Records from a dataset
-- Opening Marker --

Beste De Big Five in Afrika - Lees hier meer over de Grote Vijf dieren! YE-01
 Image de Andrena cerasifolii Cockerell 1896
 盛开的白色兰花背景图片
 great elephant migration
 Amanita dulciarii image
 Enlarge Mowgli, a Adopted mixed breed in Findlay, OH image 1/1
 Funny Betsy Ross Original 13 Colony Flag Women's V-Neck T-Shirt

-- Closing Marker --

- _EXERCISE INSTRUCTIONS_
An exact transcription of the entries is needed, complete to the final line.

- _WRITTEN ANSWER_
Beste De Big Five in Afrika - Lees hier meer over de Grote Vijf dieren! YE-01
 Image de Andrena cerasifolii Cockerell 1896
 盛开的白色兰花背景图片
 great elephant migration
 Amanita dulciarii image
 Enlarge Mowgli, a Adopted mixed breed in Findlay, OH image 1/1
 Funny Betsy Ross Original 13 Colony Flag Women's V-Neck T-Shirt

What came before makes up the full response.